I lived in France from 2014-2016 and i have received a tax bill that has now been passed on to HMRC. I know that the amount they are asking me to pay is incorrect, but I dont speak French very well and im struggling to figure out how the amount has been calculated. Can anyone help me please?

Thanks

Lisa


----------



## Bevdeforges (Nov 16, 2007)

What kind of a tax bill is this? (Which then leads to the question, "How do you know it is incorrect?")


----------



## lisa247 (Oct 23, 2014)

Bevdeforges said:


> What kind of a tax bill is this? (Which then leads to the question, "How do you know it is incorrect?")

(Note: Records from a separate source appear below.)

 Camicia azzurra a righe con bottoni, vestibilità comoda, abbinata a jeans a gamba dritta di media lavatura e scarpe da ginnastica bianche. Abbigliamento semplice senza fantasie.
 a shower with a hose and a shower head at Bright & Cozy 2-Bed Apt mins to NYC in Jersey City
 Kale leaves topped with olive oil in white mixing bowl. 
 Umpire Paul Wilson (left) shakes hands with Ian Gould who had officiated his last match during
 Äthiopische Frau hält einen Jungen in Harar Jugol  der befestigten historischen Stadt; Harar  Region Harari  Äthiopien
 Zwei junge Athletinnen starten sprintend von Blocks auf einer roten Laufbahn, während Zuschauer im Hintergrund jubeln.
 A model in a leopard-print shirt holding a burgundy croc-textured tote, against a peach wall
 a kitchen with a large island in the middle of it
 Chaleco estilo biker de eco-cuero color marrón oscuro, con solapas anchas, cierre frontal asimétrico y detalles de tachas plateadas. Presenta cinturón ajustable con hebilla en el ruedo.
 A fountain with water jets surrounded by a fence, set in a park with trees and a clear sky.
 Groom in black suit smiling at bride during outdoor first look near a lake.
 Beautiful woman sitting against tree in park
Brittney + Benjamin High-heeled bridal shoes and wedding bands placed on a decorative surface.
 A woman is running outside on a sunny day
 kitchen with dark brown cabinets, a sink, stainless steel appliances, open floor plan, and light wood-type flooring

I dont know, ive just had a letter from HMRC saying i owe France X amount of money. It seems much higher than i expected to be, there were complications as i worked in Switzerland. I just need someone to help me understand how the amount has been calculated. Thanks.


----------



## Nomoss (Nov 25, 2016)

lisa247 said:


> I dont know, ive just had a letter from HMRC saying i owe France X amount of money. It seems much higher than i expected to be, there were complications as i worked in Switzerland. I just need someone to help me understand how the amount has been calculated. Thanks.


Could the increase over what you expected be due to fines and interest for late payment?

With compound interest they can mount up very quickly.


----------



## lisa247 (Oct 23, 2014)

Nomoss said:


> Could the increase over what you expected be due to fines and interest for late payment?
> 
> With compound interest they can mount up very quickly.


I have a breakdown of what is interest and what is not. At the end of the day im not going to just have over £7000 without being sure that it is correct. I had a PACS with my boyfriend at the time and im not sure if this amount covers his income. I paid my taxes for the first year so this bill should only cover a period of around 6 months before I left France.


----------